The new gTLDs are here! Thanks IANA! Are you as excited as I am??

What?


Okay, so it’s not a very sexy topic (and it seems like they go out of their way to remind you of that) but the Internet Assigned Numbers Authority (IANA) — which manages the global coordination of internet protocols — has added hundreds of new generic top-level domains (gTLDs) to the existing pool, with promises for many more.

What’s a top-level domain? In short, it’s the .com, .edu, .io, or .ly at the end of an internet address. The URL is often the first impression we get of any internet resource—sometimes I’ll hover over a link just to see what it says, and in that case it’s my only impression. While a URL is only a pointer, it does provide a window into what might be behind it, and I know I trust .com or .org over .biz.

Now the IANA has made it much easier to add new TLDs, and soon you might see more and more suffixes like .nyc, .audio, or even the surprisingly popular .realtor. (My personal favorite: .horse). Some of these are open, but others will come with their own regulations on usage or access (for instance, .nyc only allows proven New York City residents or institutions to register, while .xxx and .adult are reserved for obvious reasons).

URLs are far less concrete and fixed than physical addresses, but they do still represent local ties. URL suffixes that you might have seen like .ly, .tv, and .io actually belong to Lybia, Tuvalu, and the British Indian Ocean Territory, respectively, and are usually leased out to companies in the US or Europe for a fee (using one of these URLs is rather annoyingly called a “domain hack”). Such exchanges reflect the dynamics of communication and transaction on the web, where borders are more permeable than in the physical world; it’s also a reminder of the economic realities behind the curtain, with these often small and extremely poor countries selling virtual land to tech startups.

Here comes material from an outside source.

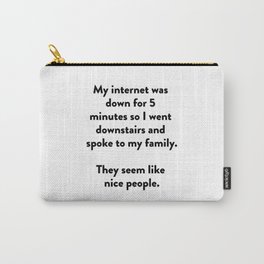 My internet was down for 5 minutes so I went downstairs and spoke to my family. Carry-All Pouch | Black And White, Graphicdesign, Quote, Funny, Typography, Digital, Oil, Ink 
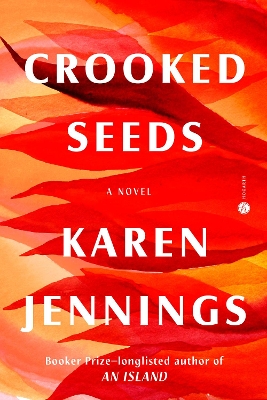 Crooked Seeds: A Novel by Karen Jennings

The new “generic” TLDs are distinct from these reserved “country code” TLDs, and won’t be affiliated specifically with physical borders. But many of the more popular new TLDs are location-based (.nyc, .berlin, .paris), or reserved for specific companies or practices (like .wme, specific to William Morris). So these domains reflect something about who’s going to use them. Just today, NPR’s Morning Edition considers whether some of these suffixes are akin to extortion; domains like .wtf, .fail, or .sucks are quickly snatched up by companies who are worried about what could turn up there, but free speech advocates see it as a positive force. So this new industry is already brewing controversy.

I was curious about two main questions, which led me to two data sets:

  1. At this early stage, which of the new TLDs are gaining popularity?
  2. Who are the entrepreneurs and technologists starting these domains, and why? Who keeps up the registries, both new and old? I can understand the commercial promise of a domain like .news or .travel, but it still seems like an unknown quantity. Who is behind this next generation of domains?

The Project

A few months ago I stumbled across a registry of all the domain name registrars. I liked the idea of making a register of registrars, so I started with this, which led me to two interesting datasets. The idea of an old-fashioned mashup came to mind:

  1. the ICANN’s monthly registry reports, which had detailed data on the volume of domain registrations (which I took as a proxy for the number of sites) for generic TLDs, an
  2. the IANA’s root zone database, which had the addresses for both generic and country-level TLDs.
Gathering insights from d3plus turned out to be messy.

Gathering insights from d3plus was difficult.

First I had to scrape the data from both sites. The ICANN’s data was hidden behind CSVs, which I had to programmatically extract, but it did give me historical data. I got a total of 912 registries, with about 1000 institutions sponsoring and administering them; in December 2014, the generic TLDs alone housed 158 million domains (75% of these, however, were .com).

I started by trying some graphs with d3plus, but the differences in scale made it very hard to graph; the 119 million domains on .com (over half of the web), or even the 15 million .net domains, simply can’t be graphed next to many of these that still number in the hundreds or thousands. The sheer number also made it a little messy. But it started to give me an idea of which new domains are gaining popularity.

The IANA site contained full addresses for the sponsor, administrative contact, and technical contact of each domain, so course I thought of a map; and I wanted to see what was behind these addresses, so I added street view screenshots where available. Unfortunately the address data was not very clean, and the process of geocoding the data was a challenge— as a result, don’t take these maps as a complete picture of all registries.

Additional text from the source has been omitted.